Vous me connaissez, je suis du genre généreux et oblatif: je n'hésite jamais à mouiller ma chemise pour mettre en avant les talents émergents, les nouveaux Anne Rice, les nouveaux Dan Simmons, les nouveaux Ron Hubbard, Rosny Ainé, Jimmy Guieu ou Olaf Stapledon qui forgent, dans la plus ingrate solitude et dévorés d'angoisse, des mondes inouïs, impensés et hallucinants, aux frontières du génie et de la folie. Puisse leur granit montrer à jamais sa borne aux vilains corbaques dans mon genre, qui s'apprêtent à le profaner. Avec toutes mes confuses, cela va sans dire.

C'est ainsi que par le hasard le plus redoutable, mes zamès, je tombai sur la première page, offerte - miracle des mains nues - au cyberquidam désœuvré, d'un roman terrifiant que je poursuis parfois en songe. Songe d'une vie, mort d'un songe qui me hantent for ever, and ever.

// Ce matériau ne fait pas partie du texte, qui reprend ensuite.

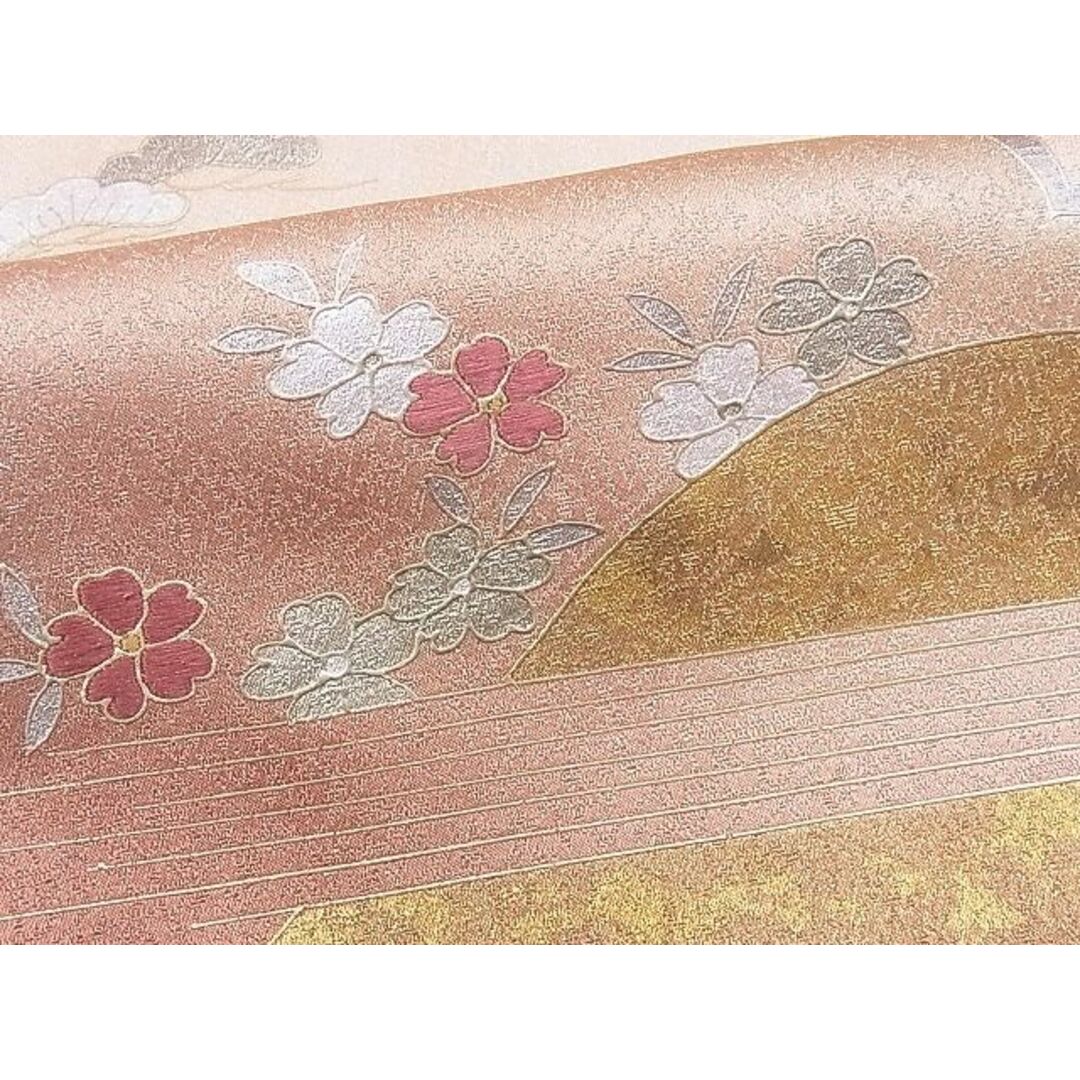 平和屋1■訪問着　刺繍　霞草花文　金銀彩　逸品　CAAC3288ev レディースの水着/浴衣(着物)の商品写真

Il me faut citer, donc, toutes affaires cessantes et toutes cessations affairées, cette première page de CATALEPSYAN, la fascinante histoire de Esthane Rathon, qui découvre que son père a été tué par un être buveur de sang. Esthane Rathon, devenu Guillian, basculera-t-il du côté sombre de la force ou du côté force de la sombre, à la veille de ses 200 ans? Oô vous ne le saurez pas tout de suite, il vous faudra commander CATALEPSYAN et parcourir au moins la seconde page dont voici toujours-déjà la précédente:


" Chers téléspectateurs, chers auditeurs, en ce 16 mars, près d’un an après que les disparitions et les meurtres en série aient commencé, nous pouvons dresser un premier bilan de 1,6 milliards de morts dans le monde entier!!! Alors que les enquêteurs poursuivent leurs recherches sans aucun résultat, un homme mystérieux, répondant au nom d’Esthane Rathon, m’a remis une lettre aujourd’hui en me disant qu’elle dévoilerait au monde les réponses qu’il se pose en ce moment: qui est le protagoniste de ces massacres qui durent depuis un an? Et quand est-ce que ces meurtres et ces disparitions vont s’arrêter?
Je vais maintenant commencer la lecture de cette lettre:

Lettre à l’humanité
«En ces temps où certains prédisent l’Apocalypse, la fin du monde, sans connaître l’origine du mystérieux fléau qui touche l’espèce humaine et la menace d’extinction, moi, Esthane Rathon (c’est ainsi que je m’appelais avant), je prends la plume pour dévoiler au monde que je suis à l’origine de l’ambiance macabre dans laquelle vous vivez depuis un an.
Mais aujourd’hui, alors que mes troupes et moi continuons à massacrer des milliers de personnes tous les jours, je pense pouvoir avoir assez de forces et de courage pour mettre fin à ce chaos en me donnant la mort, ainsi qu’à tous ceux de mon groupe à qui j’avais ordonné de me suivre dans ce mouvement diabolique qui prédisait la disparition de l’espèce humaine et le règne des forces des Ténèbres sur cette planète. Demain, j’aurai 200 ans. Demain, l’humanité tout entière connaîtra, en effet, l’origine de tous les malheurs qui se sont abattus sur elle dernièrement. En effet, en ce jour de mon anniversaire, j’emporterai dans une mort affreuse tous les coupables de ces meurtres, et je me suiciderai également!
Je ne vous demande pas de me pardonner, mais de me comprendre. C’est donc afin de mieux me justifier aux yeux des proches des victimes de ces meurtres en série prémédités, et de ceux de mes subordonnés, que je joins à cette lettre un carnet contenant le journal de ma vie, dans lequel je réponds à des questions que les hommes se posent:
Tout d’abord, est-ce que la vie existe après la mort? Et si oui, quelles formes peut-elle prendre?
Et ensuite, je répondrai aux questions que vous vous posez tous depuis un an: qui est donc à l’origine des massacres auxquels on assiste impuissamment depuis un an? Et qu’est-ce qui l’a poussé à les organiser?

Adieu...

Guillian, E. R. Le 16 mars 1984. "


Il faut lire, et relire, cette première page de Catalepsyan, car elle est littéralement ensorcelante, envoûtante, catalepsique.
Une leçon d'écriture pour tous ceux qui caressent le rêve, au crépuscule des chimères d'une vie mortelle, de prendre la plume pour le grand Œuvre romanesque.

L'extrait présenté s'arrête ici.